Following a rebound in June, the HPSI decreased 1.1 points in July to 71.5. While up 4.7 points compared to July 2023, home price expectations and job loss concern leave consumers with hesitation.
Only 17% of consumers indicated that it’s a good time to buy a home, down from 19% in June, while the share believing it’s a good time to sell decreased from 66% to 65%. The shares expecting home prices to rise versus fall over the next 12 months converged but remain some distance apart at 41% and 21%, respectively.
“While we’re seeing signs that affordability may be improving in certain parts of the country as supply slowly comes online, household incomes remain stretched relative to would-be mortgage or rent payments, and our latest survey once again reflects real consumer frustration with the housing market,” says Doug Duncan, Fannie Mae senior vice president and chief economist.
“Our recently published Mortgage Understanding Study reaffirmed what we’ve long known: that a significant majority of consumers want to own a home.

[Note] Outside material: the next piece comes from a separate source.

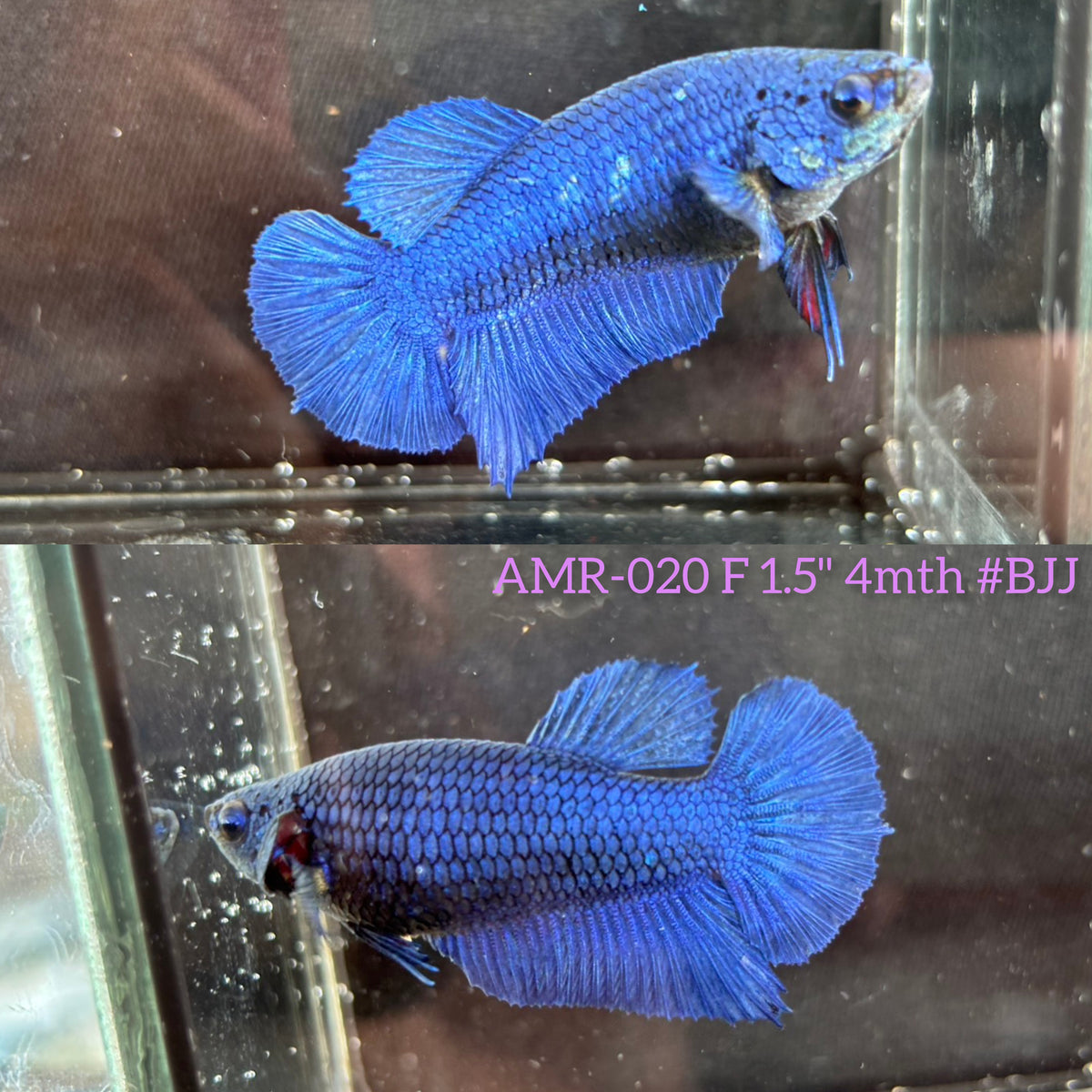 Live Female Betta Royal Blue Solid color Plakat (AMR-020) R11E13 High quality What you see What you get!!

However, 82% told us in July that it’s a ‘bad time’ to buy, a share that’s remained consistent since January 2023, and these respondents continue to point to elevated prices and mortgage rates as the primary reasons for that belief.

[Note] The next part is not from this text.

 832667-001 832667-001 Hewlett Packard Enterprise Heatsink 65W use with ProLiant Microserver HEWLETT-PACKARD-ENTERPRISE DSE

“Meanwhile, there seems to be little expectation among the general population that home buying conditions will improve in the near future: More consumers than not see home prices rising further; and slightly more consumers think mortgage rates will increase, rather than decrease, over the next 12 months.”
Twenty-nine percent of consumers expect mortgage rates to decrease over the next 12 months, while 31% expect them to increase. The share of respondents who say they are not concerned about losing their job in the next 12 months decreased from 79% to 77%, while the percentage who say they are concerned increased from 20% to 21%.
“We’re currently forecasting home price growth to decelerate through next year and mortgage rates to average 6.2% by the fourth quarter of 2025 – and, like consumers, we continue to view affordability as the primary constraint to home sales activity,” says Duncan. “One data point we think bears monitoring: The share of respondents who say they would rent, rather than buy, on their next move has been trending slowly upward of late. Right now, it’s difficult to tell if this reflects simple buyer fatigue or a greater sense of disenchantment with the market, but we think it could have important implications should the trend continue.”
Household income improved slightly with 18% saying it increased significantly higher than it was 12 months ago compared to 16% in June.